==== Data section ====

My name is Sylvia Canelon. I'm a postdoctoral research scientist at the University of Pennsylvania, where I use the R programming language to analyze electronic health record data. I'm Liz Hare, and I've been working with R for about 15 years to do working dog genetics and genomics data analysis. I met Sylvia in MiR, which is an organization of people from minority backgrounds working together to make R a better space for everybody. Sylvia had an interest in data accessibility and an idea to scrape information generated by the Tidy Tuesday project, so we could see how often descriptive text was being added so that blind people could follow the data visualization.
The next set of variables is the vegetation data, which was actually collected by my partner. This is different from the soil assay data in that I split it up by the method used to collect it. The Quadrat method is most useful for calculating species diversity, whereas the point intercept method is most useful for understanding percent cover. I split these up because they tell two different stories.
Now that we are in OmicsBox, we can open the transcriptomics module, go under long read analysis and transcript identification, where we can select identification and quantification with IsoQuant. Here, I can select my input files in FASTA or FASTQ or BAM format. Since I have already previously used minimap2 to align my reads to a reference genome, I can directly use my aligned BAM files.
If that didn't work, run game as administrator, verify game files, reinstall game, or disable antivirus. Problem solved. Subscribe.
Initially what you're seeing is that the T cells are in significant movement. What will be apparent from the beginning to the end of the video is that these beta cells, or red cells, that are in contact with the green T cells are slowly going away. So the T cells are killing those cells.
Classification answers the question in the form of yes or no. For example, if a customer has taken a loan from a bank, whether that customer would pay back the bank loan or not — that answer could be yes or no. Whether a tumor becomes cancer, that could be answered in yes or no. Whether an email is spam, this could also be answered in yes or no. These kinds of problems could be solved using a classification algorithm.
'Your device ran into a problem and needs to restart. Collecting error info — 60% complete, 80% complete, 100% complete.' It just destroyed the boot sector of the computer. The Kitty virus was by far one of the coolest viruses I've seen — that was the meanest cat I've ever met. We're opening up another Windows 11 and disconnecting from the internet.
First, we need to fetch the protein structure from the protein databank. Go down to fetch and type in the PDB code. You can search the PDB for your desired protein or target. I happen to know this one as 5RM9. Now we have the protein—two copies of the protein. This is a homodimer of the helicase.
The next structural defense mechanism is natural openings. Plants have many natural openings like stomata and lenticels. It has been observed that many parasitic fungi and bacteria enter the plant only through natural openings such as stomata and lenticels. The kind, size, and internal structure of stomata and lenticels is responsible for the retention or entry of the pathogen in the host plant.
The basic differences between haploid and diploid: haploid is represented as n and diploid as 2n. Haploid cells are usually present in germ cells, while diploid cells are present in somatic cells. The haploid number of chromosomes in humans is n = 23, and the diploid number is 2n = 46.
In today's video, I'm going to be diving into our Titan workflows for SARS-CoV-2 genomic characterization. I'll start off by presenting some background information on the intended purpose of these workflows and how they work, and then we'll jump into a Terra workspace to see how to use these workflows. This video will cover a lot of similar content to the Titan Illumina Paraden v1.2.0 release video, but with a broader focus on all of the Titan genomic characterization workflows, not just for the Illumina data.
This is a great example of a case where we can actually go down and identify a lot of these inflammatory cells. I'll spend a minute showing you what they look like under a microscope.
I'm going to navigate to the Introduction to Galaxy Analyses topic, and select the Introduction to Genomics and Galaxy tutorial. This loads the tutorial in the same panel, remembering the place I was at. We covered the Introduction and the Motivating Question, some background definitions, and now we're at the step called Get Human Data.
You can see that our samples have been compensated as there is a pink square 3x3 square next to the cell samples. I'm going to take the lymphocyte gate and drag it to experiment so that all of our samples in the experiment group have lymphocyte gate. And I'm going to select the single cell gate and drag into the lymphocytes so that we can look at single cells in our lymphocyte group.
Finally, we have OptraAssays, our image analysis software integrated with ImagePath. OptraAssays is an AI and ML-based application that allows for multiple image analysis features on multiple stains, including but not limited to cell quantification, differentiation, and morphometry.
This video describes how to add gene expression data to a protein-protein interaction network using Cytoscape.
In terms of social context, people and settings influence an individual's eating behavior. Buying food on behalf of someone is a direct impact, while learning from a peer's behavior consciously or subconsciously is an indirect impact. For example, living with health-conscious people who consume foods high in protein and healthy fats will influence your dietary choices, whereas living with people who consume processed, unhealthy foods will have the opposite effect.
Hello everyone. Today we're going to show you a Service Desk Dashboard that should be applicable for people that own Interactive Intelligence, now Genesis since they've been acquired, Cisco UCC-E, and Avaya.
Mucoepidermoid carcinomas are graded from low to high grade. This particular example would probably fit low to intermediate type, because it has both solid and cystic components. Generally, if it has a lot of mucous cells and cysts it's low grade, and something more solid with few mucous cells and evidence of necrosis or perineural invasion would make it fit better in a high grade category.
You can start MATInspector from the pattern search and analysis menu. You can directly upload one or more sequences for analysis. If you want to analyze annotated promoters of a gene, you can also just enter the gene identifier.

====

- Work required
Output the full listing again, exactly as it stands above.

- Output below
My name is Sylvia Canelon. I'm a postdoctoral research scientist at the University of Pennsylvania, where I use the R programming language to analyze electronic health record data. I'm Liz Hare, and I've been working with R for about 15 years to do working dog genetics and genomics data analysis. I met Sylvia in MiR, which is an organization of people from minority backgrounds working together to make R a better space for everybody. Sylvia had an interest in data accessibility and an idea to scrape information generated by the Tidy Tuesday project, so we could see how often descriptive text was being added so that blind people could follow the data visualization.
The next set of variables is the vegetation data, which was actually collected by my partner. This is different from the soil assay data in that I split it up by the method used to collect it. The Quadrat method is most useful for calculating species diversity, whereas the point intercept method is most useful for understanding percent cover. I split these up because they tell two different stories.
Now that we are in OmicsBox, we can open the transcriptomics module, go under long read analysis and transcript identification, where we can select identification and quantification with IsoQuant. Here, I can select my input files in FASTA or FASTQ or BAM format. Since I have already previously used minimap2 to align my reads to a reference genome, I can directly use my aligned BAM files.
If that didn't work, run game as administrator, verify game files, reinstall game, or disable antivirus. Problem solved. Subscribe.
Initially what you're seeing is that the T cells are in significant movement. What will be apparent from the beginning to the end of the video is that these beta cells, or red cells, that are in contact with the green T cells are slowly going away. So the T cells are killing those cells.
Classification answers the question in the form of yes or no. For example, if a customer has taken a loan from a bank, whether that customer would pay back the bank loan or not — that answer could be yes or no. Whether a tumor becomes cancer, that could be answered in yes or no. Whether an email is spam, this could also be answered in yes or no. These kinds of problems could be solved using a classification algorithm.
'Your device ran into a problem and needs to restart. Collecting error info — 60% complete, 80% complete, 100% complete.' It just destroyed the boot sector of the computer. The Kitty virus was by far one of the coolest viruses I've seen — that was the meanest cat I've ever met. We're opening up another Windows 11 and disconnecting from the internet.
First, we need to fetch the protein structure from the protein databank. Go down to fetch and type in the PDB code. You can search the PDB for your desired protein or target. I happen to know this one as 5RM9. Now we have the protein—two copies of the protein. This is a homodimer of the helicase.
The next structural defense mechanism is natural openings. Plants have many natural openings like stomata and lenticels. It has been observed that many parasitic fungi and bacteria enter the plant only through natural openings such as stomata and lenticels. The kind, size, and internal structure of stomata and lenticels is responsible for the retention or entry of the pathogen in the host plant.
The basic differences between haploid and diploid: haploid is represented as n and diploid as 2n. Haploid cells are usually present in germ cells, while diploid cells are present in somatic cells. The haploid number of chromosomes in humans is n = 23, and the diploid number is 2n = 46.
In today's video, I'm going to be diving into our Titan workflows for SARS-CoV-2 genomic characterization. I'll start off by presenting some background information on the intended purpose of these workflows and how they work, and then we'll jump into a Terra workspace to see how to use these workflows. This video will cover a lot of similar content to the Titan Illumina Paraden v1.2.0 release video, but with a broader focus on all of the Titan genomic characterization workflows, not just for the Illumina data.
This is a great example of a case where we can actually go down and identify a lot of these inflammatory cells. I'll spend a minute showing you what they look like under a microscope.
I'm going to navigate to the Introduction to Galaxy Analyses topic, and select the Introduction to Genomics and Galaxy tutorial. This loads the tutorial in the same panel, remembering the place I was at. We covered the Introduction and the Motivating Question, some background definitions, and now we're at the step called Get Human Data.
You can see that our samples have been compensated as there is a pink square 3x3 square next to the cell samples. I'm going to take the lymphocyte gate and drag it to experiment so that all of our samples in the experiment group have lymphocyte gate. And I'm going to select the single cell gate and drag into the lymphocytes so that we can look at single cells in our lymphocyte group.
Finally, we have OptraAssays, our image analysis software integrated with ImagePath. OptraAssays is an AI and ML-based application that allows for multiple image analysis features on multiple stains, including but not limited to cell quantification, differentiation, and morphometry.
This video describes how to add gene expression data to a protein-protein interaction network using Cytoscape.
In terms of social context, people and settings influence an individual's eating behavior. Buying food on behalf of someone is a direct impact, while learning from a peer's behavior consciously or subconsciously is an indirect impact. For example, living with health-conscious people who consume foods high in protein and healthy fats will influence your dietary choices, whereas living with people who consume processed, unhealthy foods will have the opposite effect.
Hello everyone. Today we're going to show you a Service Desk Dashboard that should be applicable for people that own Interactive Intelligence, now Genesis since they've been acquired, Cisco UCC-E, and Avaya.
Mucoepidermoid carcinomas are graded from low to high grade. This particular example would probably fit low to intermediate type, because it has both solid and cystic components. Generally, if it has a lot of mucous cells and cysts it's low grade, and something more solid with few mucous cells and evidence of necrosis or perineural invasion would make it fit better in a high grade category.
You can start MATInspector from the pattern search and analysis menu. You can directly upload one or more sequences for analysis. If you want to analyze annotated promoters of a gene, you can also just enter the gene identifier.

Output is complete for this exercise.